(Supplied data):

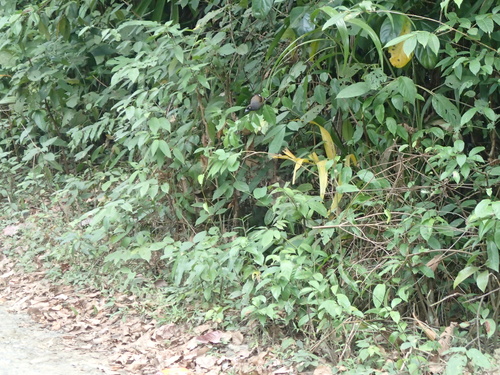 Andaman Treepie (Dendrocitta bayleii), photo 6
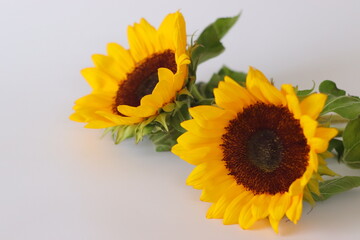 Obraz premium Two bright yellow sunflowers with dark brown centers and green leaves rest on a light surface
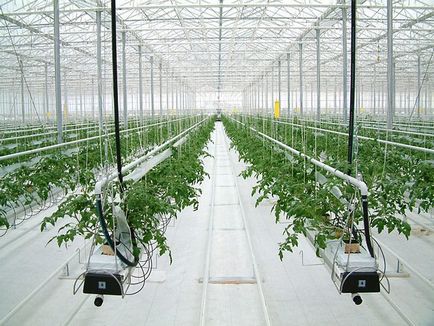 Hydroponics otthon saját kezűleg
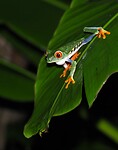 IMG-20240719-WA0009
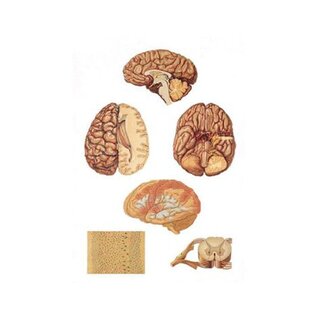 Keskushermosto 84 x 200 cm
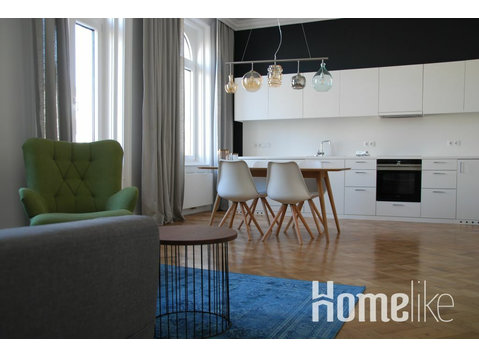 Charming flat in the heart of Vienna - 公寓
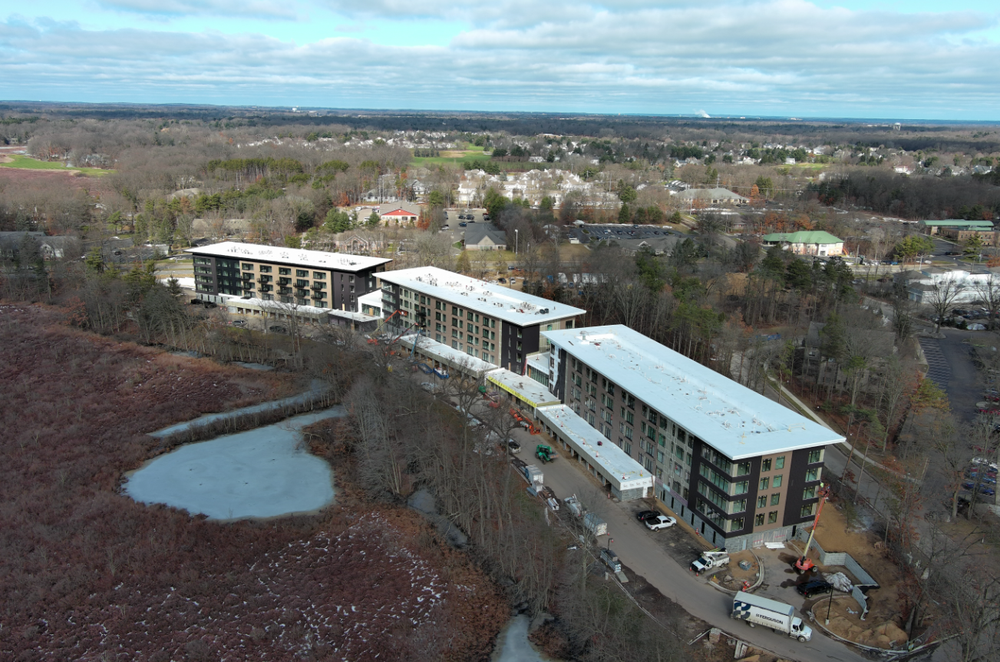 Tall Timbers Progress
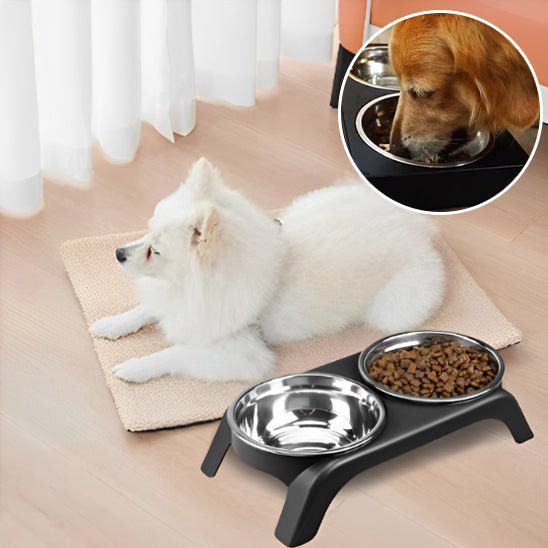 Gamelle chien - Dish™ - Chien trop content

(Required work):
Omitting all pictures, restate exactly the lines of the material from its start through the line that contains "Tall Timbers Progress".

(Response):
 Andaman Treepie (Dendrocitta bayleii), photo 6
 Obraz premium Two bright yellow sunflowers with dark brown centers and green leaves rest on a light surface
 Hydroponics otthon saját kezűleg
 IMG-20240719-WA0009
 Keskushermosto 84 x 200 cm
 Charming flat in the heart of Vienna - 公寓
 Tall Timbers Progress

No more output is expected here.